Kita bersyukur soal anak bangsa di Aceh turut menjadi pembicaraan. Pada saat yang sama, kita pusing dengan puing dan mayat-mayat yang bergelimpangan. Negara-negara yang membantu dengan sejumlah dana, turut mengirimkan ribuan tenaga untuk melaksanakan evakuasi yang tak mampu kita laksanakan sendiri secara maksimal. Ketika tentara asing itu mendarat, langsung tampak bahwa mereka memang memiliki keunggulan –salah satunya karena mereka yang berangkat dari psikologis tanpa bencana.
Bukan salah kita. Sebagai korban, tentu tak banyak yang bisa kita dilakukan. Orang-orang yang bertugas mengurusi orang lain, tak mungkin berpaling dengan kenyataan bahwa mereka juga memiliki keluarga yang menjadi korban. Masalahnya, banyak petugas kita, entah itu aparatur, tenaga medis, dan orang-orang yang bertanggung jawab di daerah, terlalu larut dengan itu sehingga banyak masyarakat menerima ekses. Mereka tak mendapat pelayanan sebagaimana mestinya; ya, walau menurut ukuran dalam situasi bencana.
Banyak negara turut memikirkan anak bangsa. Mereka yang datang, menjangkau daerah-daerah terisolir dan dilempar makanan dari helikopter; mendirikan rumah sakit darurat yang langsung di tempat yang dibutuhkan; hampir setiap lokasi pengungsian, terlihat inisiasi untuk memfasilitasi mereka yang mengajarkan anak bangsa untuk bangkit.

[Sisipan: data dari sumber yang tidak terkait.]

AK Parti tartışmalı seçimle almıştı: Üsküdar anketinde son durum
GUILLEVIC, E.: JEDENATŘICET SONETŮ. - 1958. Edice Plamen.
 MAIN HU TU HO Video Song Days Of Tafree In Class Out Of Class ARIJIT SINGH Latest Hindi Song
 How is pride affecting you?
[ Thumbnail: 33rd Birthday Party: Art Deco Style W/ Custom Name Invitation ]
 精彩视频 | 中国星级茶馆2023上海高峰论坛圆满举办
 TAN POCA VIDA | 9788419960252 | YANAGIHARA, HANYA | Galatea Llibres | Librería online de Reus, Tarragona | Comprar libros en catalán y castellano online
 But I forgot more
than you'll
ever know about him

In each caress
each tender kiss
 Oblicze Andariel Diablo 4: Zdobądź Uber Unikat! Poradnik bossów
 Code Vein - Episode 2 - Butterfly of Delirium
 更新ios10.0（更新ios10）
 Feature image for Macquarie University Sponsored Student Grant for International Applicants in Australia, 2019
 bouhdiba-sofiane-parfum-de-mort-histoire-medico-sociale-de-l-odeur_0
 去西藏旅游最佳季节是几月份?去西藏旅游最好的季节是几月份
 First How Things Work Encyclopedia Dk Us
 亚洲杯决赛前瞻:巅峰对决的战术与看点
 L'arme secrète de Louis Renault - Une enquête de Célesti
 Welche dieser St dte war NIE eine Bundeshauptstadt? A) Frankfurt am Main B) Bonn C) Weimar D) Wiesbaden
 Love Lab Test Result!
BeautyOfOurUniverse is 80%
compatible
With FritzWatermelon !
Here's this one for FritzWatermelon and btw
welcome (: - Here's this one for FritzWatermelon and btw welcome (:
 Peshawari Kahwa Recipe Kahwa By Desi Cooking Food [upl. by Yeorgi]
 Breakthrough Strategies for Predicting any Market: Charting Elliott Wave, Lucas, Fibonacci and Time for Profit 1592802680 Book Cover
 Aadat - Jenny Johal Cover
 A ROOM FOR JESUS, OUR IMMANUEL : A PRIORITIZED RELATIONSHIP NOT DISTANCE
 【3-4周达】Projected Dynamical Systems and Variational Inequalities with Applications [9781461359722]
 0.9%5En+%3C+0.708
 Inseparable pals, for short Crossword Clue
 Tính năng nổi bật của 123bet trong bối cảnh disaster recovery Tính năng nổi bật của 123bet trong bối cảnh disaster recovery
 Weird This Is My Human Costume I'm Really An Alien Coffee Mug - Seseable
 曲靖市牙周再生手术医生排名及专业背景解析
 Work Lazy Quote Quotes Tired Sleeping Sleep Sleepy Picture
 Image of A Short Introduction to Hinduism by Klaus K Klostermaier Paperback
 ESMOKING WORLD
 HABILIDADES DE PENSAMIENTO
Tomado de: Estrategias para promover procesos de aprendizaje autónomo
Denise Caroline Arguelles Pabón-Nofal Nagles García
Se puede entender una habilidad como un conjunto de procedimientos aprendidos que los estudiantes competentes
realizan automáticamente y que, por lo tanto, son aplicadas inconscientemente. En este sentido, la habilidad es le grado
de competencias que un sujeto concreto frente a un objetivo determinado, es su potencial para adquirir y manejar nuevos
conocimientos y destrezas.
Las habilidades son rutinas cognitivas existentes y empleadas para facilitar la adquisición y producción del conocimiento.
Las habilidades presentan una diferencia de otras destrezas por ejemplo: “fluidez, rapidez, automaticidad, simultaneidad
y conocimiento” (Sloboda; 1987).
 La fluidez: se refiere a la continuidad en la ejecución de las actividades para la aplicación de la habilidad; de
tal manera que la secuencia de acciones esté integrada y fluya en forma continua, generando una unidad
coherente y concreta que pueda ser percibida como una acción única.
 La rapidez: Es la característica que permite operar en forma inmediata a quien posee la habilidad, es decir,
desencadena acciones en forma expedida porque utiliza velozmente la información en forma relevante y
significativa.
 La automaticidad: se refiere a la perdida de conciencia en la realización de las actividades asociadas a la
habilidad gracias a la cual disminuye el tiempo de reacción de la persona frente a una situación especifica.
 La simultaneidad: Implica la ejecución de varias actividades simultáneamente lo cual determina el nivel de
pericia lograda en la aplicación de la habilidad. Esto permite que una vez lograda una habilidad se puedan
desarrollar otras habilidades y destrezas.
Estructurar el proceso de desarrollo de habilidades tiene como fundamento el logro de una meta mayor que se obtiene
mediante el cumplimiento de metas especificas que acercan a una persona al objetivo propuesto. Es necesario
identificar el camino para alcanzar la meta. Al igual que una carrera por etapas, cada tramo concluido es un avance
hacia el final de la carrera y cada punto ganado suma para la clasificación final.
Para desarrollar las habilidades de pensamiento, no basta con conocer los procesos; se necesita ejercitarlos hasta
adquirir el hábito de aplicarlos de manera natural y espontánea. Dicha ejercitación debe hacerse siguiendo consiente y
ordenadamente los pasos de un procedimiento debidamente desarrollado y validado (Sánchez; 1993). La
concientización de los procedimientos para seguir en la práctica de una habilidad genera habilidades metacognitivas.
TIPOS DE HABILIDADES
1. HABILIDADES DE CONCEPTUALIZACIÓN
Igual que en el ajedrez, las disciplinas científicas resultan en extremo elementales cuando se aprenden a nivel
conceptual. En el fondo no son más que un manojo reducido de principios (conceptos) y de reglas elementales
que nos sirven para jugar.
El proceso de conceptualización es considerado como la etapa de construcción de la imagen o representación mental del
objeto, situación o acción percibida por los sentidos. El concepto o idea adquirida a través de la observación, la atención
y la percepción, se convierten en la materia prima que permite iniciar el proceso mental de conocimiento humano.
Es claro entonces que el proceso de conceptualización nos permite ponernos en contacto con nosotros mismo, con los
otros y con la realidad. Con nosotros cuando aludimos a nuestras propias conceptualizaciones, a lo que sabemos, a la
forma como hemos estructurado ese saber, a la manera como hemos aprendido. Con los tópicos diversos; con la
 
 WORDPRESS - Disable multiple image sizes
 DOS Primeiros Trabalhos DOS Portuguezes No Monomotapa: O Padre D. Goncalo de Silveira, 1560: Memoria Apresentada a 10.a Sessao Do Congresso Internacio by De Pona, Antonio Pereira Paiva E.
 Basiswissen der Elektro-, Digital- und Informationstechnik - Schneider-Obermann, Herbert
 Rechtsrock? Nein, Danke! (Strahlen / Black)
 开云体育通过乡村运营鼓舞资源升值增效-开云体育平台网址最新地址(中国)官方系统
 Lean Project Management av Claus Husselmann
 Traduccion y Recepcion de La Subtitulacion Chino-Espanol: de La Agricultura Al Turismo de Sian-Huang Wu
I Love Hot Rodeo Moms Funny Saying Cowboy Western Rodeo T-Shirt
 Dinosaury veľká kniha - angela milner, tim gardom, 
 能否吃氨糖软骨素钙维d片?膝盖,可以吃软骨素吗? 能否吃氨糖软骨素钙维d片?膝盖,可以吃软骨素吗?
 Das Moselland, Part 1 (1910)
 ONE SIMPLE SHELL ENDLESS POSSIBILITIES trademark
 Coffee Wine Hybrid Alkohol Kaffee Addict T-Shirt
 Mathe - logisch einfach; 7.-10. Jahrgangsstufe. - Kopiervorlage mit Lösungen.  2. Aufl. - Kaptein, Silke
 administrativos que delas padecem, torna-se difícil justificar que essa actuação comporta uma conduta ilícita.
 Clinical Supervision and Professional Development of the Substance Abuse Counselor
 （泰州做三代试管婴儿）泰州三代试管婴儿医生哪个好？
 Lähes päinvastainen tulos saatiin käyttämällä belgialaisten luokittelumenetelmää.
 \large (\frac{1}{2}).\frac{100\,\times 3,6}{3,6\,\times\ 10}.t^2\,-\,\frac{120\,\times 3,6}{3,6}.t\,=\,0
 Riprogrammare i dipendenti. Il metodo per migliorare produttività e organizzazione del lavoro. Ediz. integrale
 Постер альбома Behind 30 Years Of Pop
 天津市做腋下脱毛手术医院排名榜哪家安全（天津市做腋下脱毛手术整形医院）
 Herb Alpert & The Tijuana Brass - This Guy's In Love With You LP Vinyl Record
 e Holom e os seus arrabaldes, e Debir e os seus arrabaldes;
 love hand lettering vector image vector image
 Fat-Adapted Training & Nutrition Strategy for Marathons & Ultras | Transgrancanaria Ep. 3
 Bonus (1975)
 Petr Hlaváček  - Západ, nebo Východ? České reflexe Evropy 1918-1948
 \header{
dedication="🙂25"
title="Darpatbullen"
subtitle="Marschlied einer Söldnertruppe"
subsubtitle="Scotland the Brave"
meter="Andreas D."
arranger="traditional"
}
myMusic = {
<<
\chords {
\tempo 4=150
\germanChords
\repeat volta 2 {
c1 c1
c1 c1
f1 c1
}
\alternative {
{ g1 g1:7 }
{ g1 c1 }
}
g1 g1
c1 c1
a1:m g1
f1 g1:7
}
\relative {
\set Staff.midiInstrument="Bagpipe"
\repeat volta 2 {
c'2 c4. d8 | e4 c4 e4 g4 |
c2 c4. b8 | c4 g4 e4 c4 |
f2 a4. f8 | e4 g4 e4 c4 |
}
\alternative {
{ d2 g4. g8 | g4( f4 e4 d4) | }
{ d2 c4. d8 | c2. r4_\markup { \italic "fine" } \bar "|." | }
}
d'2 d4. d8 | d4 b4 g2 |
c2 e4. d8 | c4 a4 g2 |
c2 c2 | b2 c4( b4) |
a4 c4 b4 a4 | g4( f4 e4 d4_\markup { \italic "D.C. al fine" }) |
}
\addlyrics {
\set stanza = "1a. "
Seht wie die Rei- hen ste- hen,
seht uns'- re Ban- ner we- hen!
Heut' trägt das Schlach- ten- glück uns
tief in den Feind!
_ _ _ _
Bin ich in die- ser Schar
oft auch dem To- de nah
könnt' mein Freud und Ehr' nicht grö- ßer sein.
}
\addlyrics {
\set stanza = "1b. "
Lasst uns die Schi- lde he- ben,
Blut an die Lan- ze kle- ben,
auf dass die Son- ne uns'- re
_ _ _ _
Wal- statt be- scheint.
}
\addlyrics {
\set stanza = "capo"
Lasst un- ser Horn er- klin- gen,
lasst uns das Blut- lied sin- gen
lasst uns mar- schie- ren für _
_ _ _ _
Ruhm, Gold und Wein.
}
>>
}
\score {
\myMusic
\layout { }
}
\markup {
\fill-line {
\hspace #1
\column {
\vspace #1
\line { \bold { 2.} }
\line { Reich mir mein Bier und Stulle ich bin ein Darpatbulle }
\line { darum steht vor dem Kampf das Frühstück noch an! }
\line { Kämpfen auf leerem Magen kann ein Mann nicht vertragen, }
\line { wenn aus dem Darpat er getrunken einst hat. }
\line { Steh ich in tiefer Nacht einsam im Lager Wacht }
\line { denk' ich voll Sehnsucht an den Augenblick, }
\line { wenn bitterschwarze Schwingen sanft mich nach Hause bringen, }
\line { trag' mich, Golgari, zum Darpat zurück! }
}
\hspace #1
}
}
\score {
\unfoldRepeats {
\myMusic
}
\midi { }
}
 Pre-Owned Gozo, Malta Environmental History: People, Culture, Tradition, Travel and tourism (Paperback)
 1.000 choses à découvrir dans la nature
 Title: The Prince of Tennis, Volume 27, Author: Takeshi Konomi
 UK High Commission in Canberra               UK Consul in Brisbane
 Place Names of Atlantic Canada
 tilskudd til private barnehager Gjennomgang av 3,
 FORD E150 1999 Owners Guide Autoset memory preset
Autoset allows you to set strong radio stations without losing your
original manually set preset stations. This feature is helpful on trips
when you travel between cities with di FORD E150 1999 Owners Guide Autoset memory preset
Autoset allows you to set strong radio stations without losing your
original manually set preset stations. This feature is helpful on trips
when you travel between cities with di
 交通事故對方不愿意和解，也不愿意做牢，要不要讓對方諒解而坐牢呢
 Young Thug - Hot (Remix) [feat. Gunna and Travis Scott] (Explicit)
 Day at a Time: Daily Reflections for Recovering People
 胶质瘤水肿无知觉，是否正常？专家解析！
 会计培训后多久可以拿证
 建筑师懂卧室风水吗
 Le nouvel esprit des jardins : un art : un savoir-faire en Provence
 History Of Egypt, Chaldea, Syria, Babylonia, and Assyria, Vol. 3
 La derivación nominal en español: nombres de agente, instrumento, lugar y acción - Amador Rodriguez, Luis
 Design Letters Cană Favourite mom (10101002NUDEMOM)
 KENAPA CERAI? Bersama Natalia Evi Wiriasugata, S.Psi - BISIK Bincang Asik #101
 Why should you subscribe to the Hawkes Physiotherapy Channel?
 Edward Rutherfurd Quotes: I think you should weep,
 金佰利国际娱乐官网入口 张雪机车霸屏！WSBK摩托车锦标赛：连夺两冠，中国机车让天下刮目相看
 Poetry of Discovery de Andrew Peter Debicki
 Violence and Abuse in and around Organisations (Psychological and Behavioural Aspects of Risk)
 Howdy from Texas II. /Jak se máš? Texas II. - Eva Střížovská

Sepertinya bencana demi bencana di negara kita ini mengajarkan agar kita bisa jujur, bahwa persoalan kemanusiaan jangan tercampuradukkan dengan politik –apalagi SARA. Aceh, kita saksikan kemudian menjadi contoh untuk proses tersebut.
Apa yang juga penting dipikirkan dalam suatu bencana? Katakanlah, semangat. Angka-angka pembangunan sering tak sepenuhnya terukur dalam semangat. Anak bangsa di Aceh, atau di mana pun daerah yang mengalami bencana, harus dipikirkan bagaimana mereka akan bersekolah. Ketika semangat mereka menghilang, pada titik itulah diperkirakan terjadi ancaman lost generation. Orang-orang yang kehilangan harapan, trouma, tak sepenuhnya dapat diselesaikan dengan angka-angka.
Dalam satu koran, waktu itu saya menulis opini, semua itu membutuhkan sesuatu yang khusus yang di luar kamus matematika. Sistem sosial, nilai-nilai dan kebiasaan, berhadapan dengan banyaknya orang dalam sebagian komunitas yang sudah hilang dan meninggal. Gampong dengan masyarakatnya yang tinggal sebagian kecil, tentu membutuhkan semangat lagi untuk mengembalikan semua yang pernah ada.
Kenyataan (terasa) pahit saat mengamati perkembangan penanganan korban bencana, bahwa sampai sekarang, petinggi negara melulu memikirkan bagaimana rumah dibangun, jalan diperbaiki, kantor-kantor berdiri kokoh kembali –karena hal itu sesuatu yang mudah untuk dilakukan. Sangat kecil porsi yang diberikan untuk berpikir serius dalam bidang-bidang nonfisik. Padahal aspek ini sebagai penopang utama masyarakat korban secara keseluruhan.